--- Activity ---
Set down all the lines below, each one exactly as shown.

Task inputs below:

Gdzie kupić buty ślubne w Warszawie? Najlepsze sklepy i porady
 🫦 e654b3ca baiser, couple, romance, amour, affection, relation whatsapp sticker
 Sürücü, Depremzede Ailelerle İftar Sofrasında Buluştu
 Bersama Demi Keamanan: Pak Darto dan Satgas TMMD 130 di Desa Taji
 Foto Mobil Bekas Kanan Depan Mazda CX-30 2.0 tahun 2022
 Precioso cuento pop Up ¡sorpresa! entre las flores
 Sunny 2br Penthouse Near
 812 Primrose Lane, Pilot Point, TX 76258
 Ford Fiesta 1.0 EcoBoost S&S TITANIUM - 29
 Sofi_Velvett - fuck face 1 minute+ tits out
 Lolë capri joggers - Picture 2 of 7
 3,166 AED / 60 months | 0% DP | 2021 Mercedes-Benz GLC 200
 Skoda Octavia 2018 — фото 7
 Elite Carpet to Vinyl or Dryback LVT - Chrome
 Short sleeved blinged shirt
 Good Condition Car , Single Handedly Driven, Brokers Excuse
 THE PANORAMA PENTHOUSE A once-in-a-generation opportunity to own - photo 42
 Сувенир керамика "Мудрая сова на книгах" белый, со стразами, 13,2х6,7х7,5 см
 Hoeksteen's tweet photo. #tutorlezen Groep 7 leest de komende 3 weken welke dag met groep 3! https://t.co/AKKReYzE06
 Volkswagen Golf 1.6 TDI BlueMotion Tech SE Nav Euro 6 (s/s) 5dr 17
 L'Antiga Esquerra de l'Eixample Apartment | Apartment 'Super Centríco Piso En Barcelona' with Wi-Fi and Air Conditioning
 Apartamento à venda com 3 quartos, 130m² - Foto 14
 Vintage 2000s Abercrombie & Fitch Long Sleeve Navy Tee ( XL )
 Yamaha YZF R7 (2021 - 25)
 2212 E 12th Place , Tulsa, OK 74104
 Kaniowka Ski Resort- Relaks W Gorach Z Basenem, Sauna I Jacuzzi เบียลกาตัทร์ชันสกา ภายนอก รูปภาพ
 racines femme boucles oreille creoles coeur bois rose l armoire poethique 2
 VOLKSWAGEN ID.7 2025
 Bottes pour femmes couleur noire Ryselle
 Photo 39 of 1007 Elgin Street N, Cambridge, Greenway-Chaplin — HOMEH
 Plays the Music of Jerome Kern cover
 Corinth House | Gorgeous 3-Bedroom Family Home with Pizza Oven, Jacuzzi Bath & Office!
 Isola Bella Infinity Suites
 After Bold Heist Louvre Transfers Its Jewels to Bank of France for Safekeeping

End of Task inputs.

--- Result for this exercise ---
Gdzie kupić buty ślubne w Warszawie? Najlepsze sklepy i porady
 🫦 e654b3ca baiser, couple, romance, amour, affection, relation whatsapp sticker
 Sürücü, Depremzede Ailelerle İftar Sofrasında Buluştu
 Bersama Demi Keamanan: Pak Darto dan Satgas TMMD 130 di Desa Taji
 Foto Mobil Bekas Kanan Depan Mazda CX-30 2.0 tahun 2022
 Precioso cuento pop Up ¡sorpresa! entre las flores
 Sunny 2br Penthouse Near
 812 Primrose Lane, Pilot Point, TX 76258
 Ford Fiesta 1.0 EcoBoost S&S TITANIUM - 29
 Sofi_Velvett - fuck face 1 minute+ tits out
 Lolë capri joggers - Picture 2 of 7
 3,166 AED / 60 months | 0% DP | 2021 Mercedes-Benz GLC 200
 Skoda Octavia 2018 — фото 7
 Elite Carpet to Vinyl or Dryback LVT - Chrome
 Short sleeved blinged shirt
 Good Condition Car , Single Handedly Driven, Brokers Excuse
 THE PANORAMA PENTHOUSE A once-in-a-generation opportunity to own - photo 42
 Сувенир керамика "Мудрая сова на книгах" белый, со стразами, 13,2х6,7х7,5 см
 Hoeksteen's tweet photo. #tutorlezen Groep 7 leest de komende 3 weken welke dag met groep 3! https://t.co/AKKReYzE06
 Volkswagen Golf 1.6 TDI BlueMotion Tech SE Nav Euro 6 (s/s) 5dr 17
 L'Antiga Esquerra de l'Eixample Apartment | Apartment 'Super Centríco Piso En Barcelona' with Wi-Fi and Air Conditioning
 Apartamento à venda com 3 quartos, 130m² - Foto 14
 Vintage 2000s Abercrombie & Fitch Long Sleeve Navy Tee ( XL )
 Yamaha YZF R7 (2021 - 25)
 2212 E 12th Place , Tulsa, OK 74104
 Kaniowka Ski Resort- Relaks W Gorach Z Basenem, Sauna I Jacuzzi เบียลกาตัทร์ชันสกา ภายนอก รูปภาพ
 racines femme boucles oreille creoles coeur bois rose l armoire poethique 2
 VOLKSWAGEN ID.7 2025
 Bottes pour femmes couleur noire Ryselle
 Photo 39 of 1007 Elgin Street N, Cambridge, Greenway-Chaplin — HOMEH
 Plays the Music of Jerome Kern cover
 Corinth House | Gorgeous 3-Bedroom Family Home with Pizza Oven, Jacuzzi Bath & Office!
 Isola Bella Infinity Suites
 After Bold Heist Louvre Transfers Its Jewels to Bank of France for Safekeeping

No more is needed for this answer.